═══ Collected data

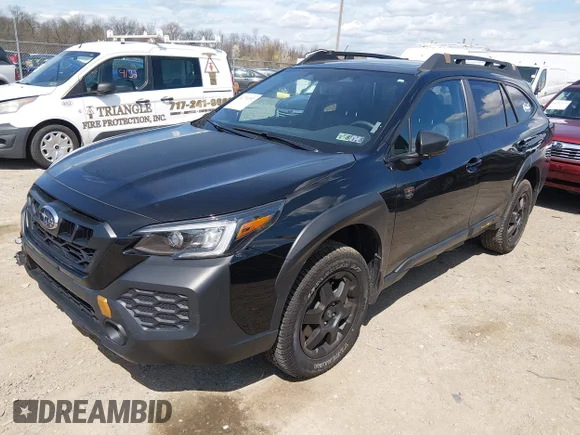 ✅ 2024 Subaru Outback Wilderness • VIN: 4S4BTGUD2R3231608 • Лот: 44770352. Опубліковано раніше на IAAI з пробігом 20 116 миль. Безкоштовний доступ до архіву аукціонних продажів зі США та докладний звіт про історію автомобіля на DreamBid. Зображення 2.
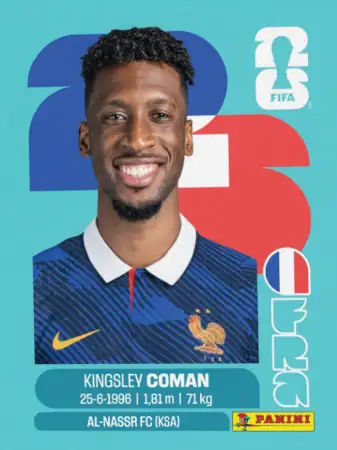 FRA18 Kingsley Coman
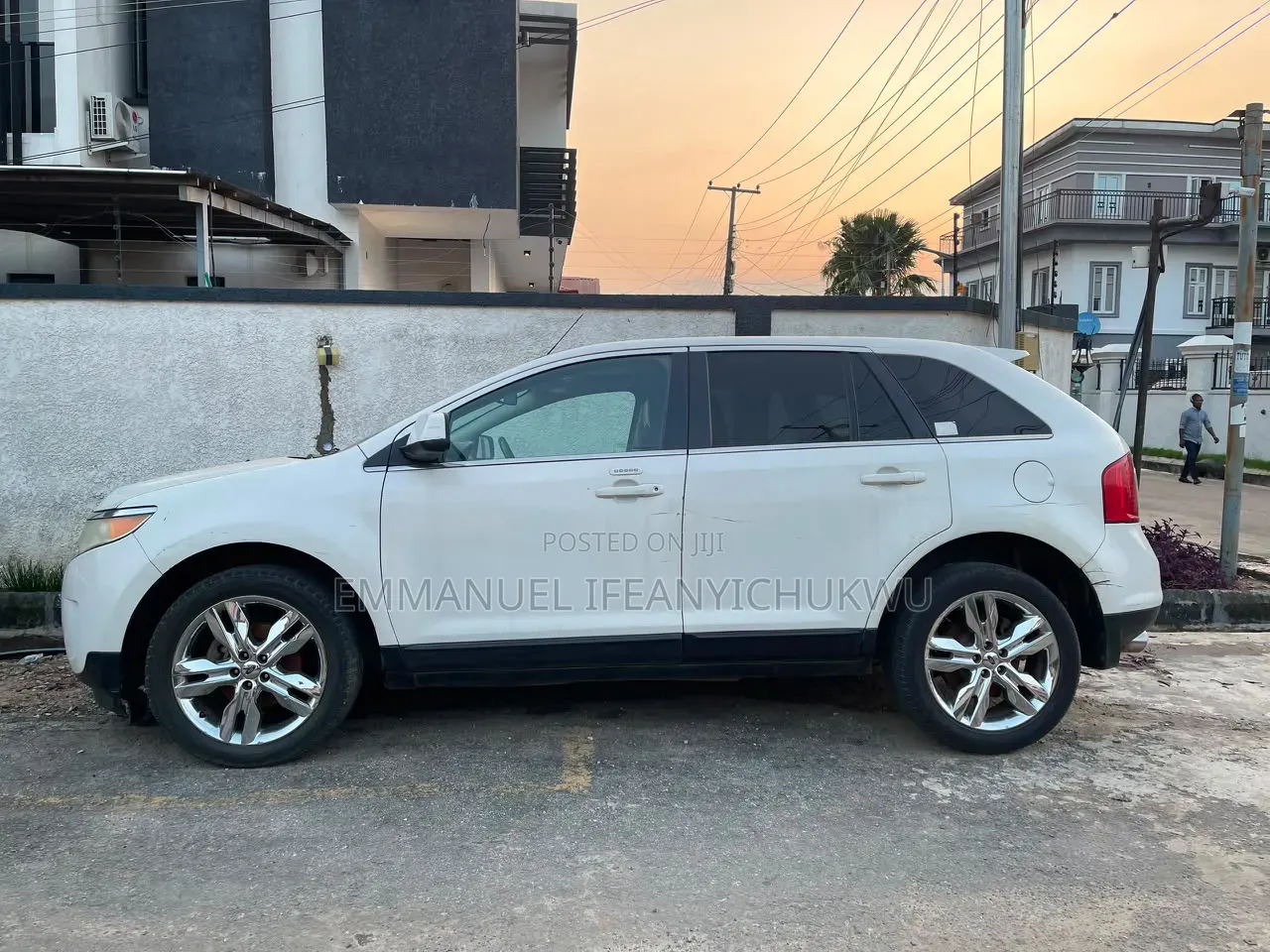 Ford Edge 2013 White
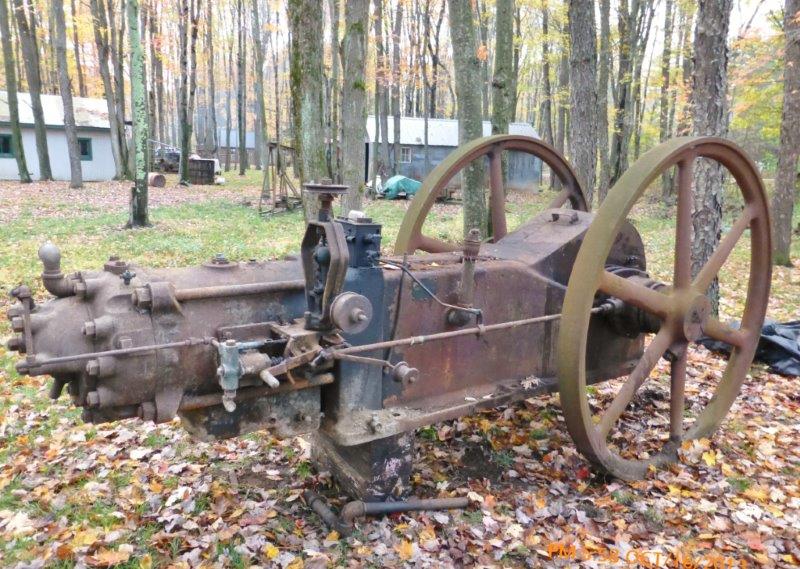Franklin Valveless Oil Engine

══════

* _About this exercise_: When the listing is transcribed, every line must match the original exactly, and the pictures must be left out.

* _Answer section_:
 ✅ 2024 Subaru Outback Wilderness • VIN: 4S4BTGUD2R3231608 • Лот: 44770352. Опубліковано раніше на IAAI з пробігом 20 116 миль. Безкоштовний доступ до архіву аукціонних продажів зі США та докладний звіт про історію автомобіля на DreamBid. Зображення 2.
 FRA18 Kingsley Coman
 Ford Edge 2013 White
Franklin Valveless Oil Engine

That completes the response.